:: Data records
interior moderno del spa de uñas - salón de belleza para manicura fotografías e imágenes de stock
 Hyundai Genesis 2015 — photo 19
::::
:: Data records
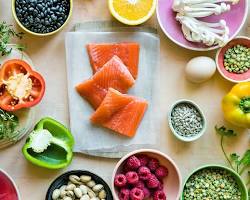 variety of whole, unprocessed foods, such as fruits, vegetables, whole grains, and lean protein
::::
Give back the records above exactly, limited to the lines between the one holding "interior moderno del" and the one holding "Hyundai Genesis 2015 — photo 19", inclusive.

interior moderno del spa de uñas - salón de belleza para manicura fotografías e imágenes de stock
 Hyundai Genesis 2015 — photo 19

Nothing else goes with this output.